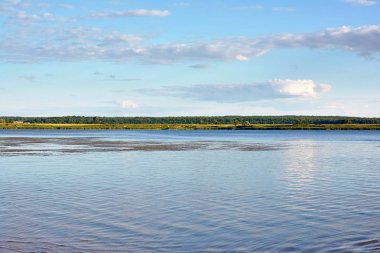 Manzara - nehir, nehir, mavi gökyüzünde bulutlar ve su onun yansıması.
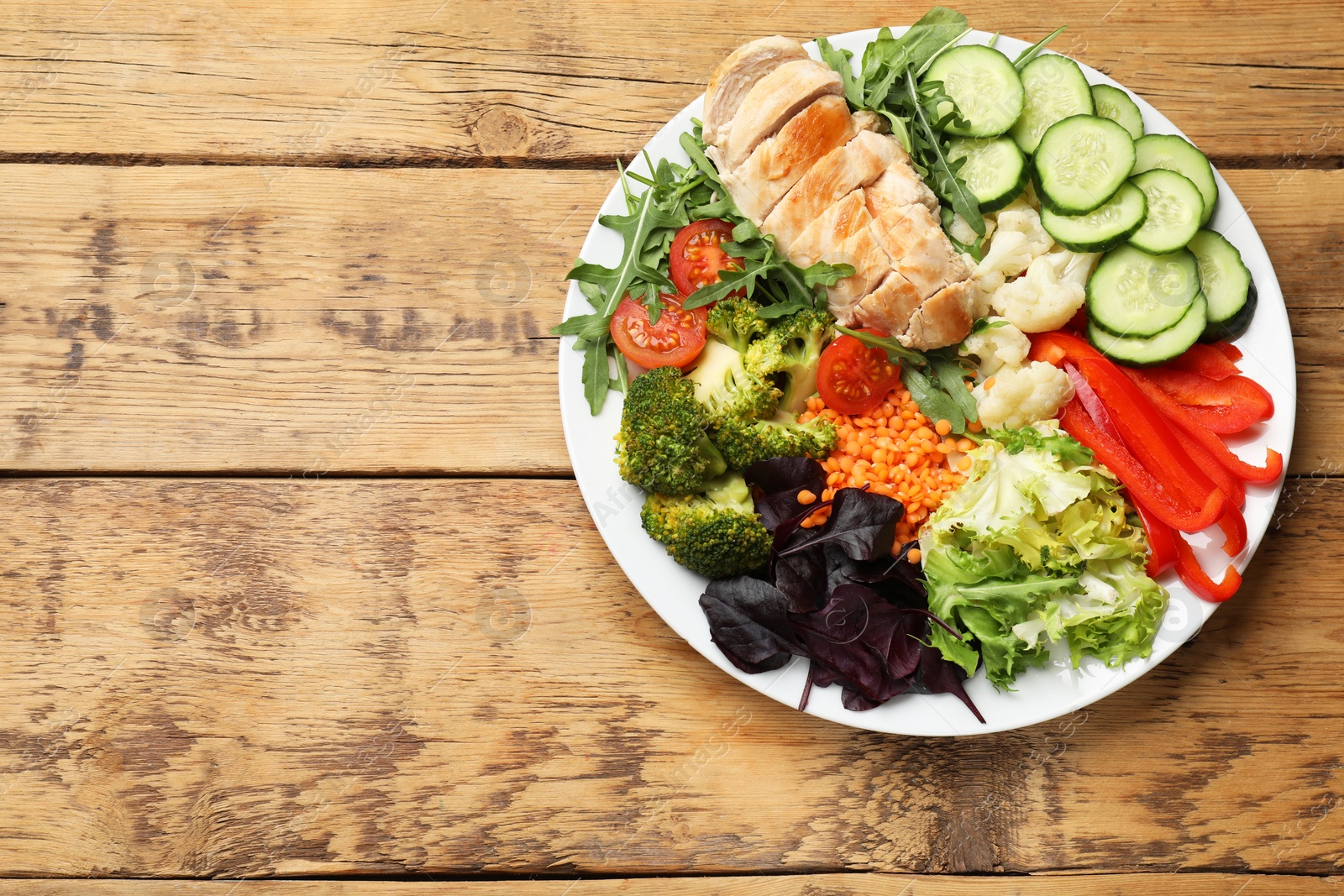 Photo of Balanced diet and healthy foods. Plate with different delicious products on wooden table, top view. Space for text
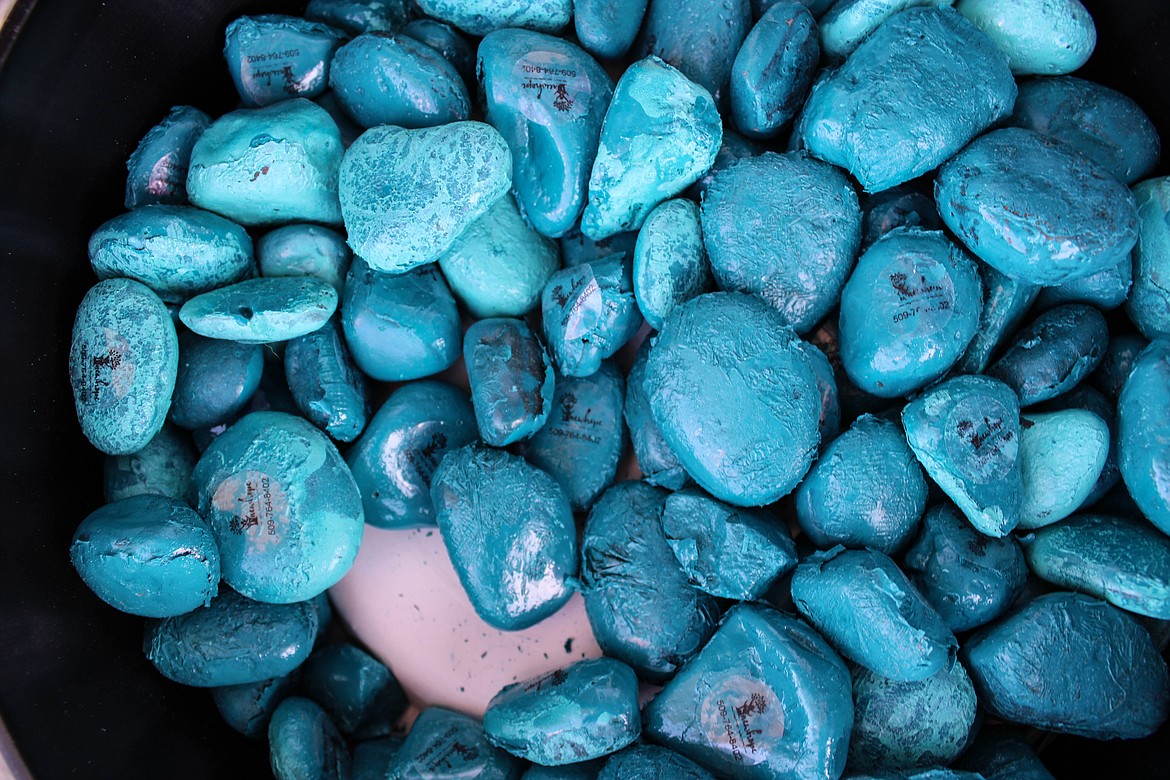 A blue rock basket, put out by New Hope at 311 West Third Ave., to raise awareness for sexual assault in the community.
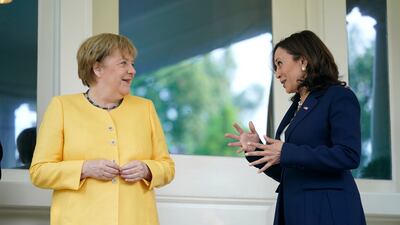 Kamala Harris greets German Chancellor Angela Merkel as she arrives at the vice president's residence, the Naval Observatory, on July 15th, 2021. AP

• **Activity**:
Could you copy exactly, and with no pictures, the lines above from the one containing "A blue rock" through the last line, both included?

• **Answer to this task**:
 A blue rock basket, put out by New Hope at 311 West Third Ave., to raise awareness for sexual assault in the community.
 Kamala Harris greets German Chancellor Angela Merkel as she arrives at the vice president's residence, the Naval Observatory, on July 15th, 2021. AP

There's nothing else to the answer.